Эта история произвела на меня сильное впечатление. Круглов, хорошо знакомый с практикой работы Центрального Комитета (до НКВД он работал в аппарате ЦК), подтвердил, что члены Политбюро могли лично вмешиваться в решение судеб людей, особенно членов семей врагов народа. Я впервые узнал, что вмешательство в этих случаях направлено не на спасение жизни невинных людей, а является способом избавления от нежелательных свидетелей. В архивах в списке жен видных деятелей партии, Красной Армии и НКВД, приговоренных к расстрелу, я нашел также имя жены Успенского. Ее смертный приговор, как и приговоры другим женам репрессированных руководителей, сначала утверждался высшими партийными инстанциями.
Последняя моя встреча со следователем, ведущим мое дело, кончилась для меня неожиданным поворотом. Преображенский вдруг потребовал, чтобы я написал об участии Молотова в зондаже Стаменова. Меня это крайне озадачило, и я понял, что Молотов сейчас, должно быть, не в фаворе. Я ничего не знал об «антипартийной группе», отстраненной от руководства в 1957 году, куда входили Молотов, Маленков и Каганович. Моя записка явно произвела на Преображенского впечатление, особенно сообщение, что Молотов устроил на работу жену Стаменова в Институт биохимии Академии наук СССР к академику Баху. Я также вспомнил, что с Молотовым консультировались насчет подарков, которые Стаменов вручал у себя на родине царской семье. Реакция следователя укрепила мою надежду, что, несмотря на закрытое заседание, меня оставят в живых как свидетеля против Молотова.
Тридцать три — таково было число моих заявлений, направленных Хрущеву, Руденко, секретарю Президиума Верховного Совета СССР Горкину, Серову, ставшему председателем КГБ, и другим с требованием предоставить мне защитника и протестом по поводу грубых фальсификаций, содержащихся в выдвинутых против меня обвинениях. Ни на одно из них я не получил ответа.
Обычно, когда следствие на высшем уровне по особо важным делам завершалось, дело незамедлительно передавалось в Верховный суд.

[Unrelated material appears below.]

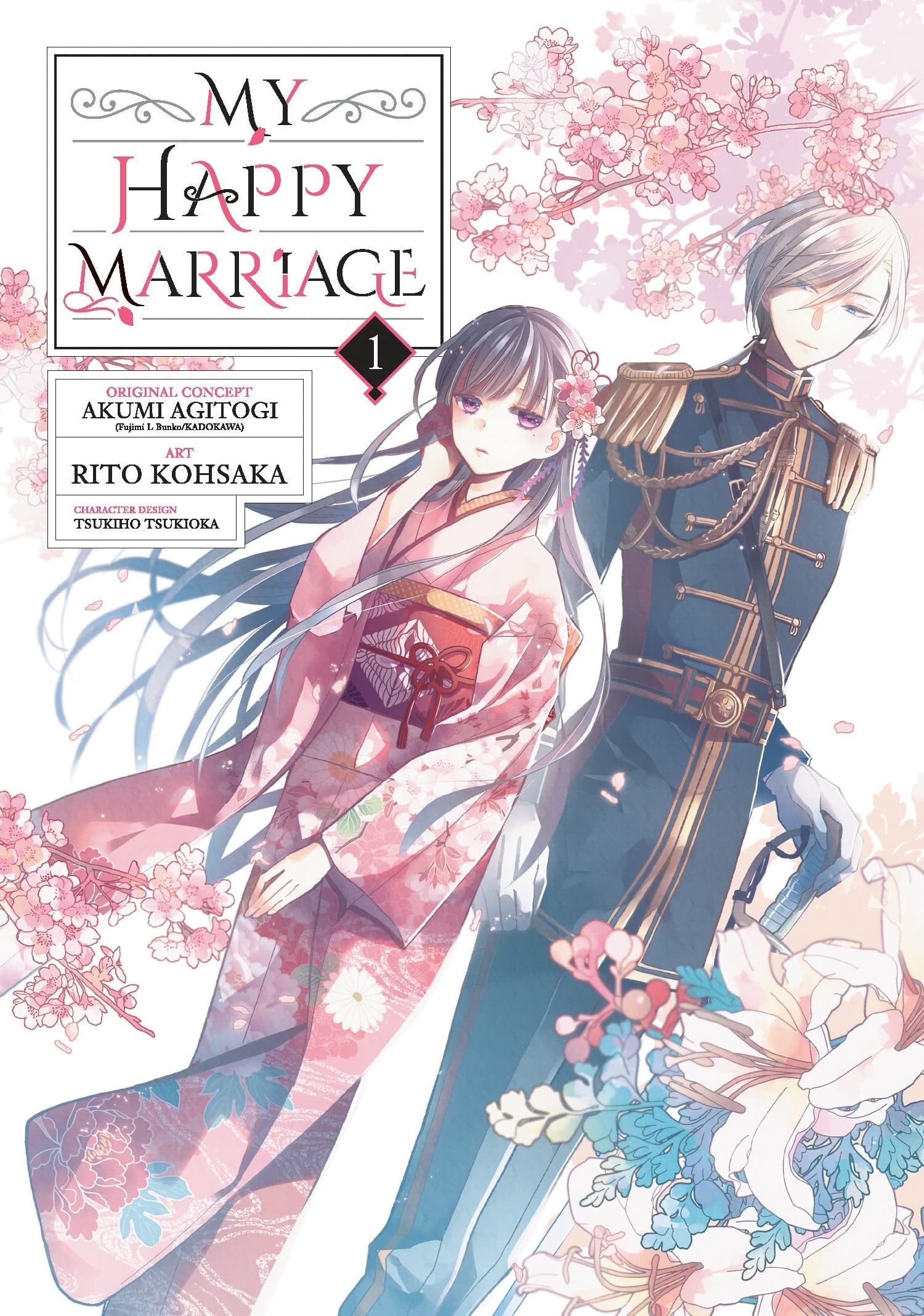 My Happy Marriage Vol. 1 cover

В течение недели или в крайнем случае месяца я должен был получить уведомление о том, когда состоится слушание дела. Но прошло три месяца — и ни слова. Только в начале сентября 1958 года меня официально известили, что мое дело будет рассматриваться Военной коллегией 12 сентября без участия прокурора и защиты. Я был переведен во внутреннюю тюрьму Лубянки, а затем в Лефортово. Через много лет я узнал, что генерал-майор Борисоглебский, председатель Военной коллегии, трижды отсылал мое дело в прокуратуру для проведения дополнительного расследования. И трижды дело возвращали с отказом.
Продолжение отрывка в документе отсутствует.